* Work to complete *
In the entries that follow, the first line to write out is the one containing "Item preview, strawberry", and the last is the one containing "Clarion Hotel President". Reproduce that stretch exactly, with nothing before or after it.

* Input data *
■ ■ ■ ■ ■
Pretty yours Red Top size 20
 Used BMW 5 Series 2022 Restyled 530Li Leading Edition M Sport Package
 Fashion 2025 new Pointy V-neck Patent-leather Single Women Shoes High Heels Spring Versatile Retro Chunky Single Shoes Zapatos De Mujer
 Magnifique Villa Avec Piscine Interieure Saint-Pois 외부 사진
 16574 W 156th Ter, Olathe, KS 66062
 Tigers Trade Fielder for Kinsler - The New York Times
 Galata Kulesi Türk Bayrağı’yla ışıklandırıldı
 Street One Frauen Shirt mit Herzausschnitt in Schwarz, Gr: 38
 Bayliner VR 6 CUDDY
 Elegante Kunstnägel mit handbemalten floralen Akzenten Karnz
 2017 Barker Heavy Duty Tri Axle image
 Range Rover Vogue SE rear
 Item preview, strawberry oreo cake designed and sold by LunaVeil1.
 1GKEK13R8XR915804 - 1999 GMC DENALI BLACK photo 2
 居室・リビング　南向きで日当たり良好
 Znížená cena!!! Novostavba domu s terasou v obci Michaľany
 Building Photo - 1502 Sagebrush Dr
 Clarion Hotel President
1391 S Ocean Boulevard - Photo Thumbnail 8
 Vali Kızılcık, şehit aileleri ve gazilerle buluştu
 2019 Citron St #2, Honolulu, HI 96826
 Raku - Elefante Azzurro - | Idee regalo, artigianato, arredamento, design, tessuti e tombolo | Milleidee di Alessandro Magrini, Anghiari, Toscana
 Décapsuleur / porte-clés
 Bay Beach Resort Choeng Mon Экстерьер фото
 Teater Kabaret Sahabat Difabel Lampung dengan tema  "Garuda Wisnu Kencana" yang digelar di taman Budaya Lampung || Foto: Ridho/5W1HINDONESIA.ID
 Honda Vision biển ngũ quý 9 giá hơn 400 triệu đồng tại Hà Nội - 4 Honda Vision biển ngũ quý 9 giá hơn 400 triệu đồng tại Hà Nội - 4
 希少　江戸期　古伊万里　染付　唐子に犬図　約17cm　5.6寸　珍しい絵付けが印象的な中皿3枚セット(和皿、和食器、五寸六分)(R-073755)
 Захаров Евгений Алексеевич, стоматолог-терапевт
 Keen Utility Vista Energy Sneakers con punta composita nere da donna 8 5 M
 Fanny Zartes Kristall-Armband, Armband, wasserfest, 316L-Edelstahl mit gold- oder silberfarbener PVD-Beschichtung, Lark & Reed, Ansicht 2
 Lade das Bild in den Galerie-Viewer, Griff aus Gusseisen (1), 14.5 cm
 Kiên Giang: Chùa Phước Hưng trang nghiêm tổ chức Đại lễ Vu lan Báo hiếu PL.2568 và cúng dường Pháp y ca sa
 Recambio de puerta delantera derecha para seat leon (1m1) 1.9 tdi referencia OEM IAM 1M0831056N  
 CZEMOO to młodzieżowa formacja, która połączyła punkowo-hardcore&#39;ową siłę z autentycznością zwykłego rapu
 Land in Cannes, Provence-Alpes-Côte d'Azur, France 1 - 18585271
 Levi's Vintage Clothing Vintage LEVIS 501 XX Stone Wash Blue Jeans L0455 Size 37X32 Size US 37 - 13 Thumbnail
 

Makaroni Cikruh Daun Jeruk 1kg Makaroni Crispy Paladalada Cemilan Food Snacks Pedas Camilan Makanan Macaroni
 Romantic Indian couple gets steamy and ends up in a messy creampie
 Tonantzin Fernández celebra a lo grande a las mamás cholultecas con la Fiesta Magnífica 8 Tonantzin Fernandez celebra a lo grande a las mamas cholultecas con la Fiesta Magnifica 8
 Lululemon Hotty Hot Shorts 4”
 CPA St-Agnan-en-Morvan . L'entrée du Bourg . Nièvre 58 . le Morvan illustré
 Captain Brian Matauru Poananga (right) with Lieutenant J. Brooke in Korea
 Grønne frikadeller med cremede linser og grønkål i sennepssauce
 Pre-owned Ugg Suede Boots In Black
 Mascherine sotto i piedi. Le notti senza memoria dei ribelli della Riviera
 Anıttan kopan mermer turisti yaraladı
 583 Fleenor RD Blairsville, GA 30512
■ ■ ■ ■ ■
* Answer area *
 Item preview, strawberry oreo cake designed and sold by LunaVeil1.
 1GKEK13R8XR915804 - 1999 GMC DENALI BLACK photo 2
 居室・リビング　南向きで日当たり良好
 Znížená cena!!! Novostavba domu s terasou v obci Michaľany
 Building Photo - 1502 Sagebrush Dr
 Clarion Hotel President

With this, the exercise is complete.